We further investigated the molecular consequences of finasteride treatment through GSEA comparison of biological pathways affected after treatment in Nkx3.1−/− and Nkx3.1+/+ prostates, which also revealed strong reversal in both upregulated and downregulated leading edges (NES = 5.72 and 7.26, respectively; p < 0.001; Fig. 2C).
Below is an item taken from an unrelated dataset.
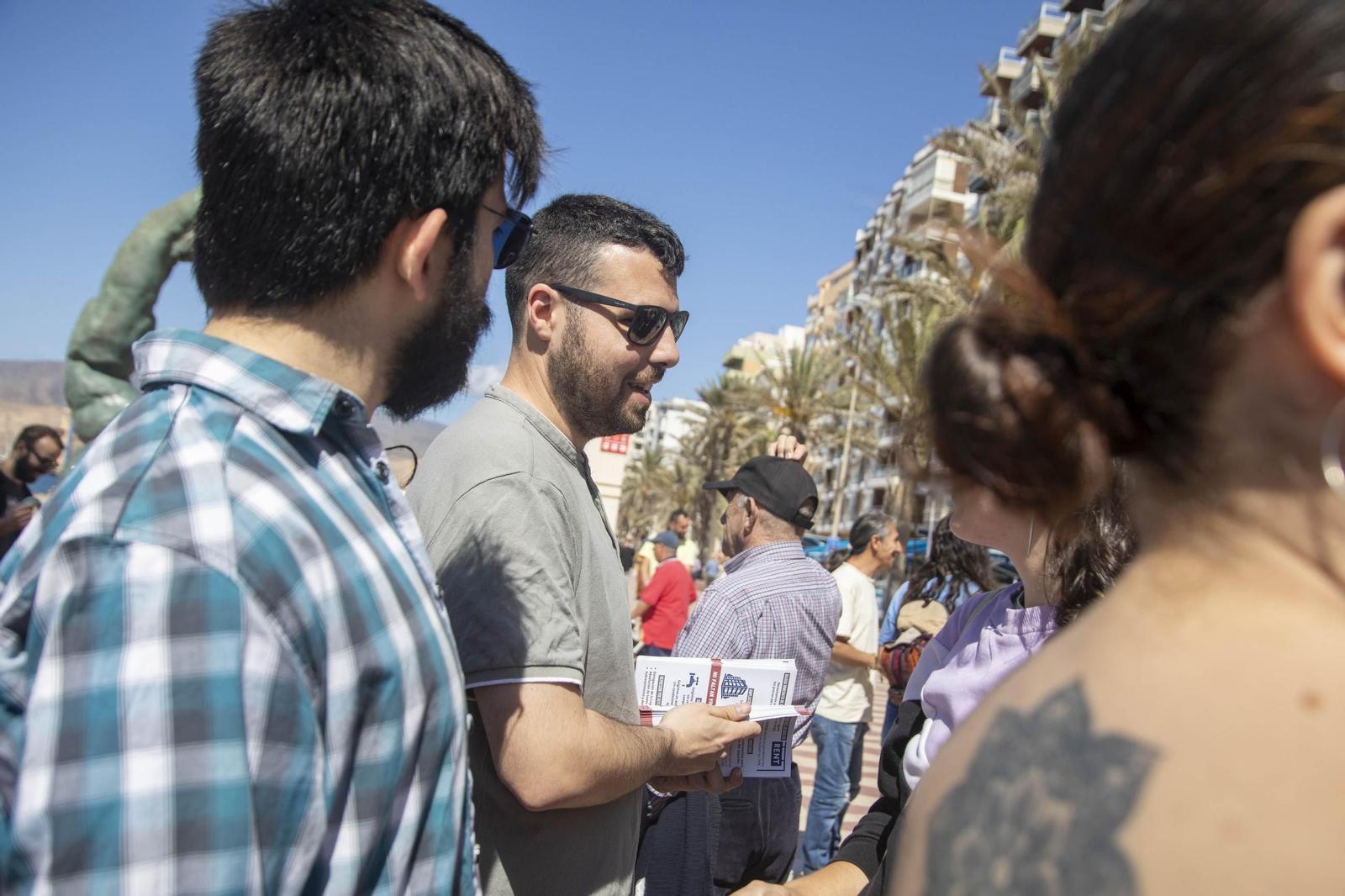 Imágenes de la manifestación en contra del negocio de la vivienda en Almería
The pathways significantly reverted in the finasteride- versus vehicle-treated Nkx3.1−/− mice include those associated with steroid hormone signaling, such as REACTOME steroid metabolic signaling (p = 0.002), and cancer initiation or progression, including REACTOME translation (p ≤ 0.001) and REACTOME PI3K-AKT signaling (p ≤ 0.001) (Fig. 2D). Taken together, these histopathological and molecular studies demonstrate that the Nkx3.1−/− prostate is profoundly affected by finasteride, which is evident from the striking abrogation of the PIN phenotype and accompanied by global reversion of the molecular phenotype towards that of normal prostate.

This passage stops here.